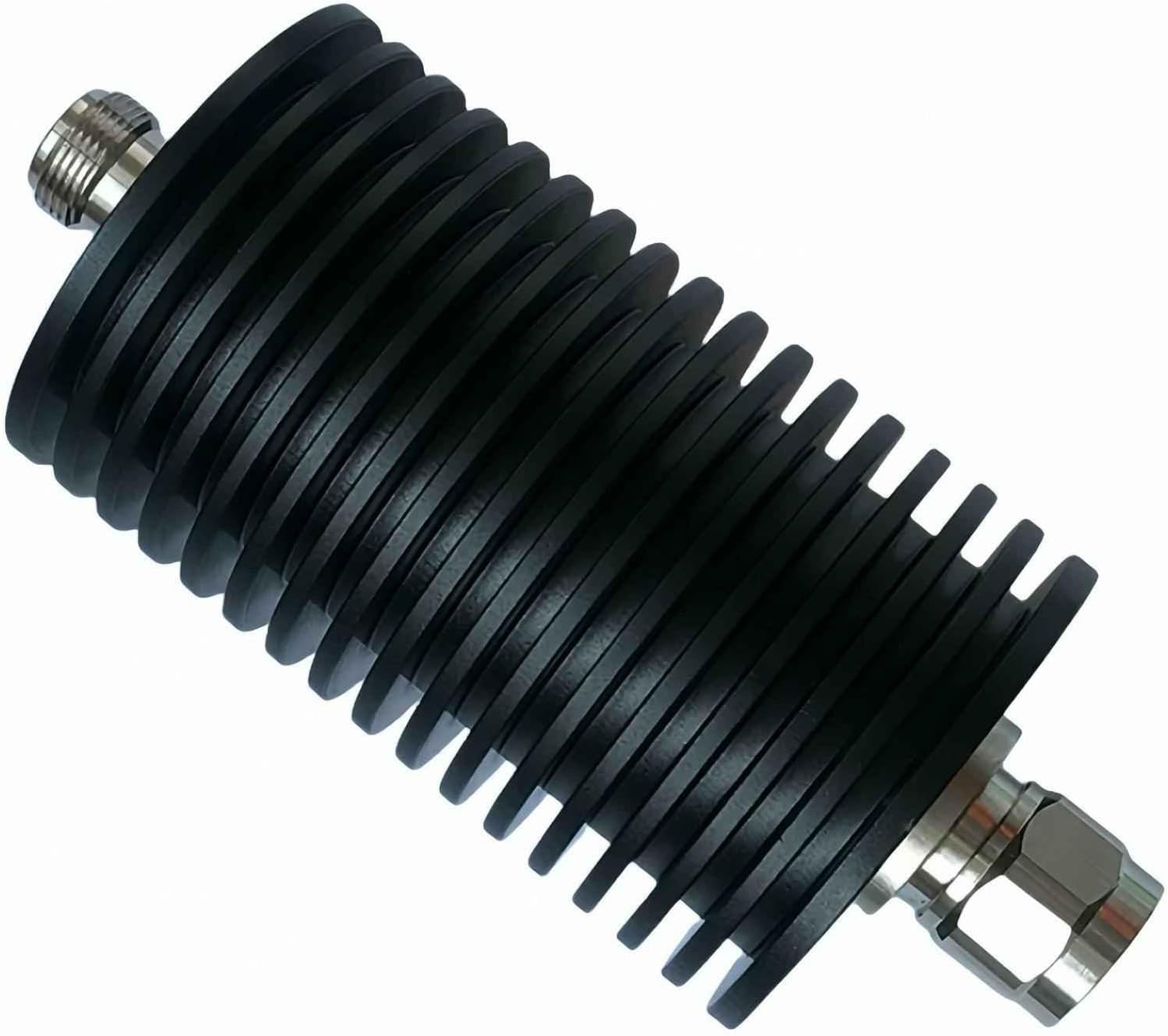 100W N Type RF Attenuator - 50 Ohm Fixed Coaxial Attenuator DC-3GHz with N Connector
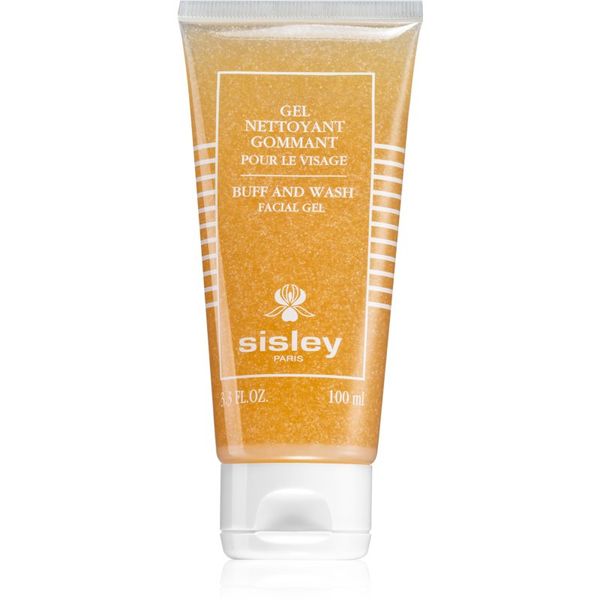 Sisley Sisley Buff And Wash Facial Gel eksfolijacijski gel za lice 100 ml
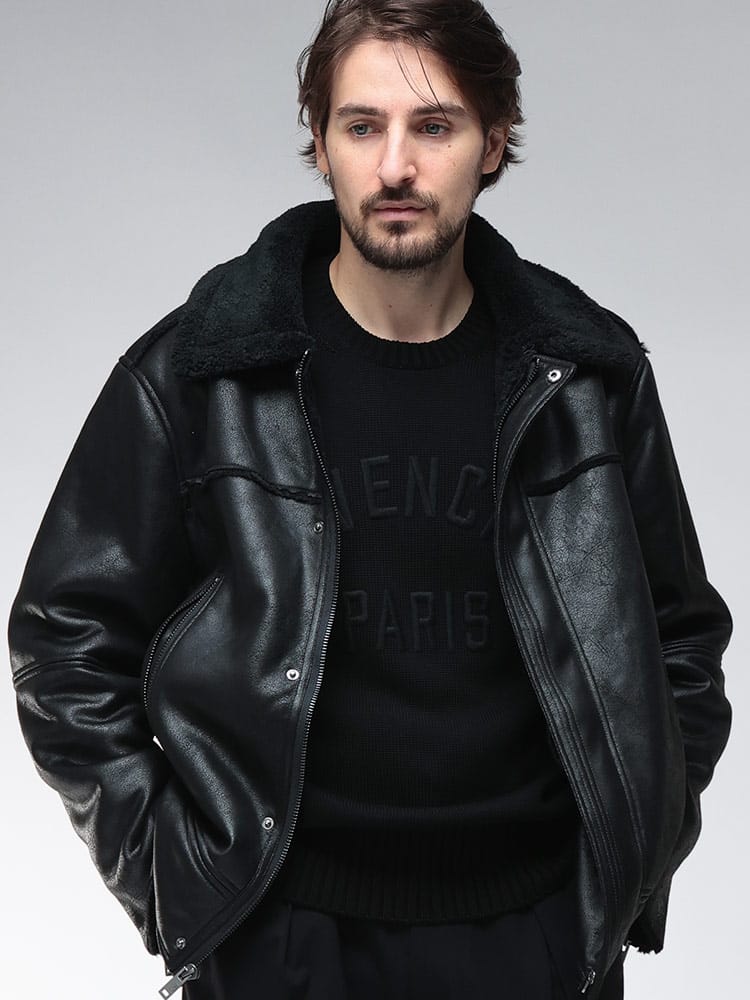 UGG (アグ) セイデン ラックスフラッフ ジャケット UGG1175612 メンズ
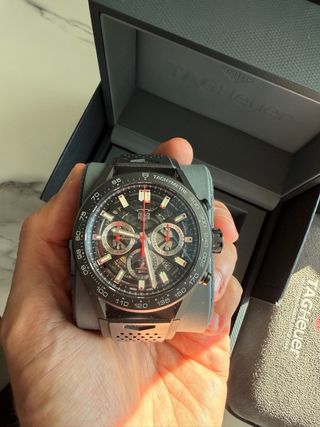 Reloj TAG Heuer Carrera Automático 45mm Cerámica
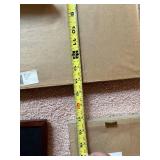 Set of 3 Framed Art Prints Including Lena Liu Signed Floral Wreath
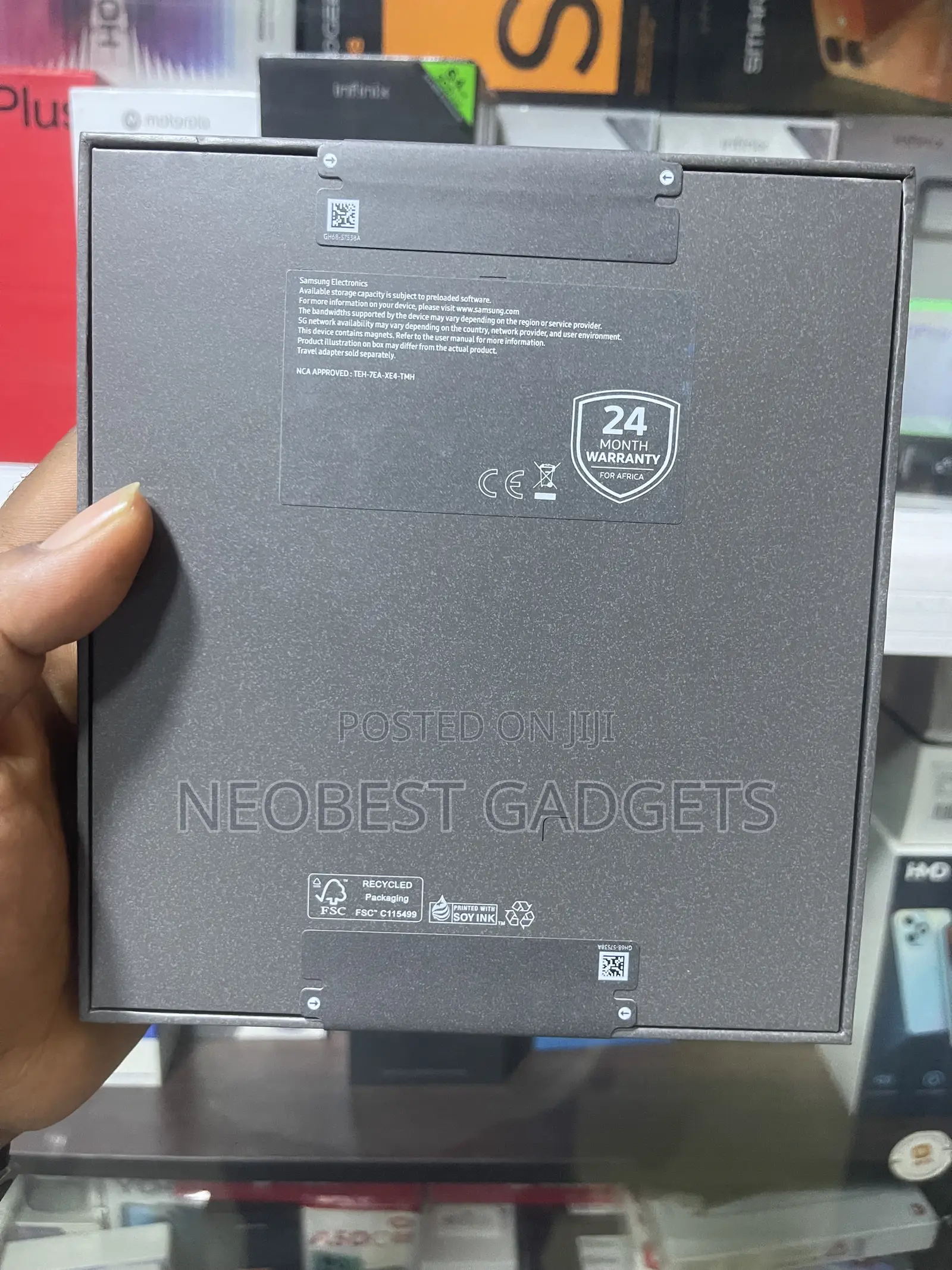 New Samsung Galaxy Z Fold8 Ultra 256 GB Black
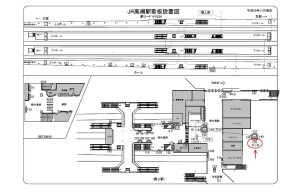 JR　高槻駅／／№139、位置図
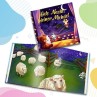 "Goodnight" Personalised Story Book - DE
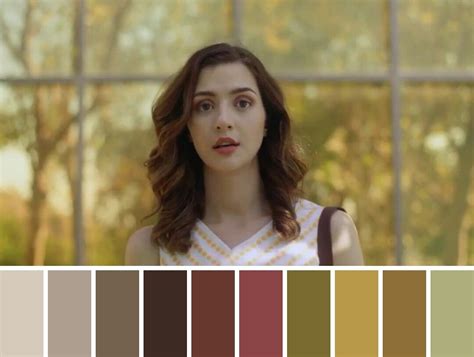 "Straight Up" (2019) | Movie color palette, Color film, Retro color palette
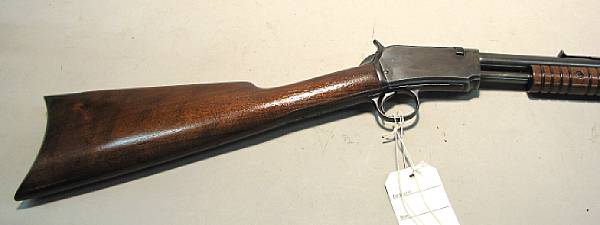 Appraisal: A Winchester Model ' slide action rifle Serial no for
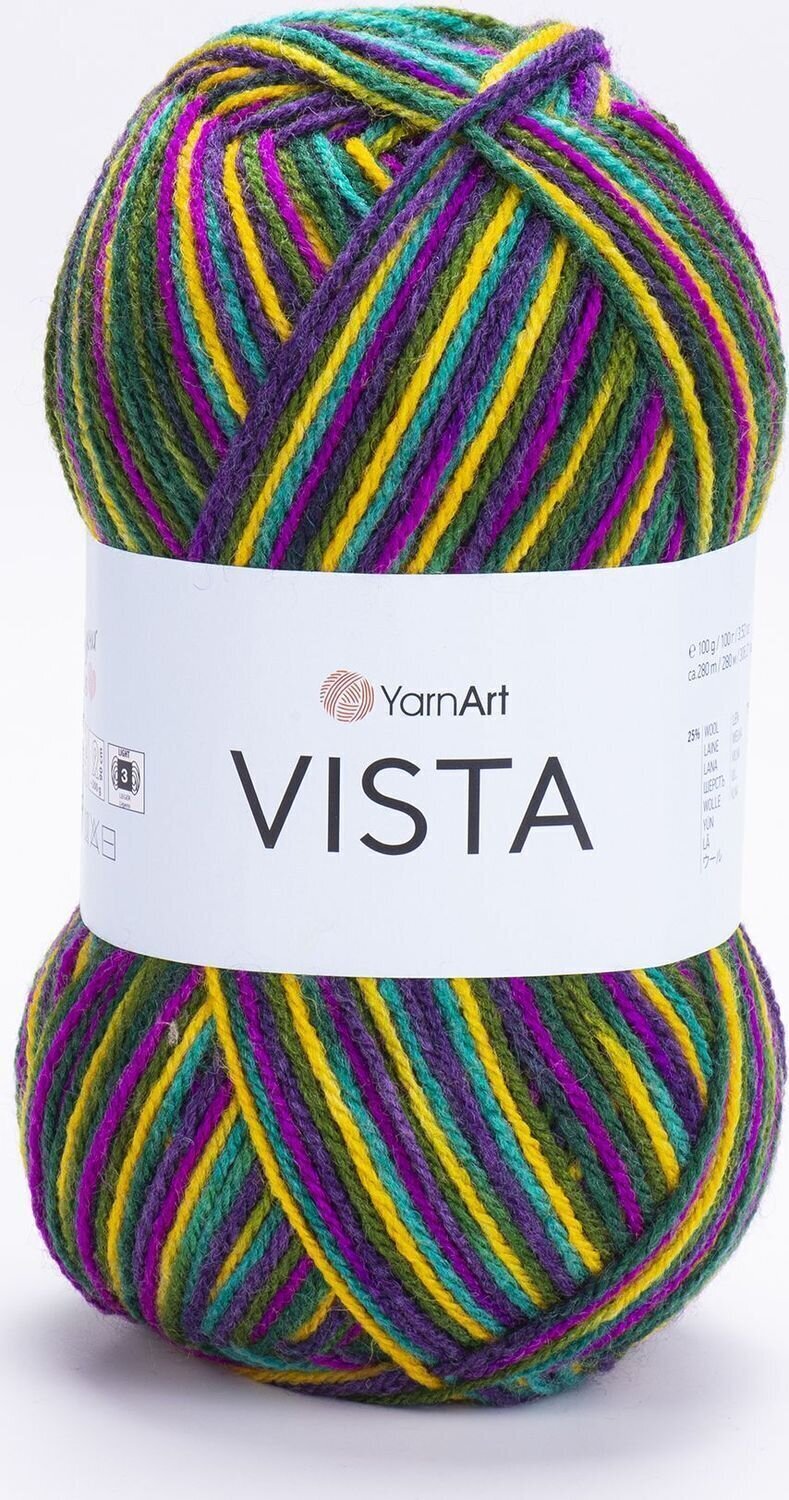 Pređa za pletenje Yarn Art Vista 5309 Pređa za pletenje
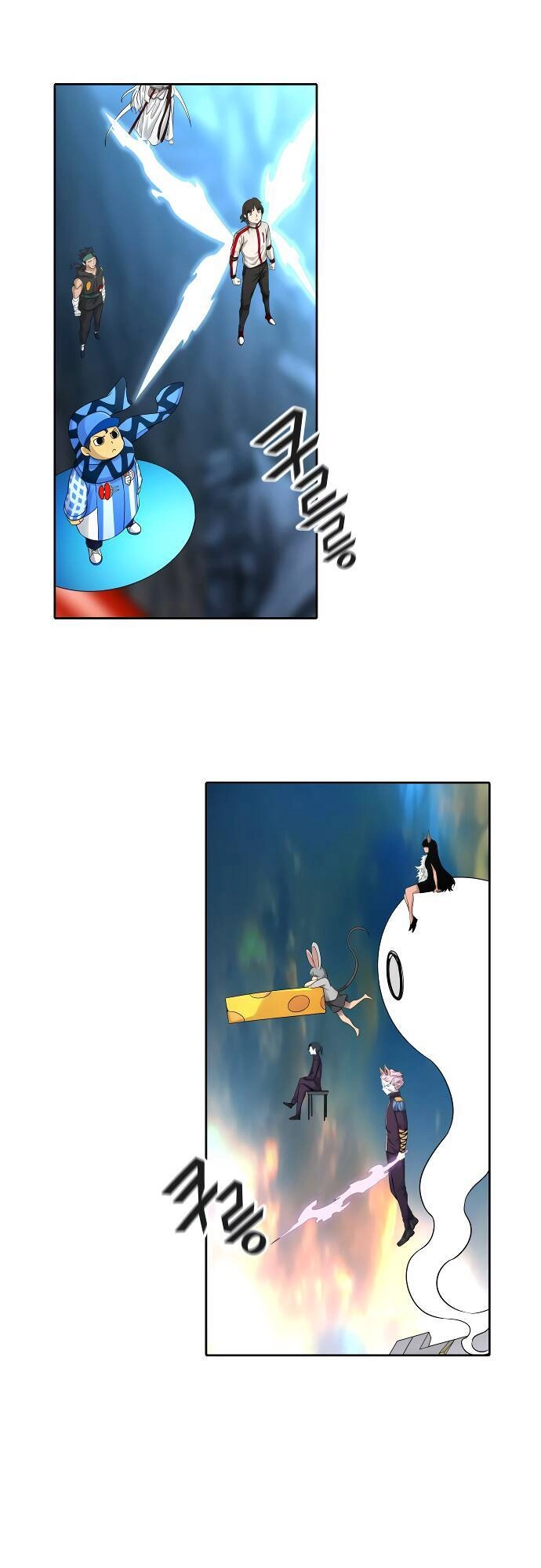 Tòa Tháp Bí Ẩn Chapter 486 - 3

*Exercise instructions*. What you write must match, line for line, the lines from the one with "JR　高槻駅／／№139、位置図" through the last line of the data above, minus the pictures.

*Reply to the exercise*.
 JR　高槻駅／／№139、位置図
 "Goodnight" Personalised Story Book - DE
 "Straight Up" (2019) | Movie color palette, Color film, Retro color palette
 Appraisal: A Winchester Model ' slide action rifle Serial no for
 Pređa za pletenje Yarn Art Vista 5309 Pređa za pletenje
 Tòa Tháp Bí Ẩn Chapter 486 - 3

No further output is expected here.